Which makes it even more infuriating to me that in the middle of this literal and figurative rainy season, we have run out of Coartem.
“Come back tomorrow,” people are told as they walk away clutching pain relievers that will lower a fever and vitamins that will improve their long-term health but will do nothing to the parasite that is multiplying in their blood.
Sometimes if the malaria is severe, they are treated with an injection of quinine, a very old treatment that is usually avoided now due to its harshness on the body.  I mostly fix my eyes on the wall and will myself not to scream or throw things.  Somewhat surprisingly, none of the patients or their families make a scene.  I guess they are used to things like this and they figure that getting upset about it won’t help anything.  Which is, of course, true on some level.  But I come from a place where people get outraged when a blender they wanted to buy is out of stock and where making a scene often results in a reward of some sort.  [Sometimes I imagine trying to explain things like that to someone here…”What is a blender?” “And why does one need it?”  “It costs HOW much?” And then I stop thinking about having those conversations…]  The whole situation makes me really mad and while I’m doing my best to harass my coworkers into trying a little harder to restock quickly, I think there are a lot of factors that are out of their control and I feel pretty helpless and frustrated these days at work.
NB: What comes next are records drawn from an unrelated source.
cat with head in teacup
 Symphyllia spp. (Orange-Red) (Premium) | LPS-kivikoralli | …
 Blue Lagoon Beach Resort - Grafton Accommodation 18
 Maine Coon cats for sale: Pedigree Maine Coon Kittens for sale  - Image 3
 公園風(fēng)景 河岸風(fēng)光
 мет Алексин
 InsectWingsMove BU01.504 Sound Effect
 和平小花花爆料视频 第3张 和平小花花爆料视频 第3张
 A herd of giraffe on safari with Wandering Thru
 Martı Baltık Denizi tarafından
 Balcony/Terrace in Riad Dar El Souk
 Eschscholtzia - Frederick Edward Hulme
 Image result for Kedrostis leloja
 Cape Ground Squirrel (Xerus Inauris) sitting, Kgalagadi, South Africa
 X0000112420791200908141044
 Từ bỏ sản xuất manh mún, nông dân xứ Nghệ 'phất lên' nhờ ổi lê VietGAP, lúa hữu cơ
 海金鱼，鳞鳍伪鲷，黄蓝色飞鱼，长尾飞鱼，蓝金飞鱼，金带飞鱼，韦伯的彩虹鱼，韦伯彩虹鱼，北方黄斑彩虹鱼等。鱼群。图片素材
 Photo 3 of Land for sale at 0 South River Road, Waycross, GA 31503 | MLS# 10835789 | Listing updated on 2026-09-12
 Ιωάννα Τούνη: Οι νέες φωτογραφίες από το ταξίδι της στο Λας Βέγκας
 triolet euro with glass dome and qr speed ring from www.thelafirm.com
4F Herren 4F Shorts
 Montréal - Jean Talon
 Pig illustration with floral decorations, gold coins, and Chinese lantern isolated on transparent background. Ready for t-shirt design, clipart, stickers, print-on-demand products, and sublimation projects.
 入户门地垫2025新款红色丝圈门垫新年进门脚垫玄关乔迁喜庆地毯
Of course, it just underscores what I have believed for quite some time, which is that prevention is the way to go.  If we can keep people from contracting malaria in the first place, fewer anti-malarial drugs will be needed, it will be less likely that the supply will run out, and it won’t be as severe of a problem if it does.  So now the issue is trying to figure out how I can work with people in my village to do this.  There is work to be done, it’s just a matter of starting to do it.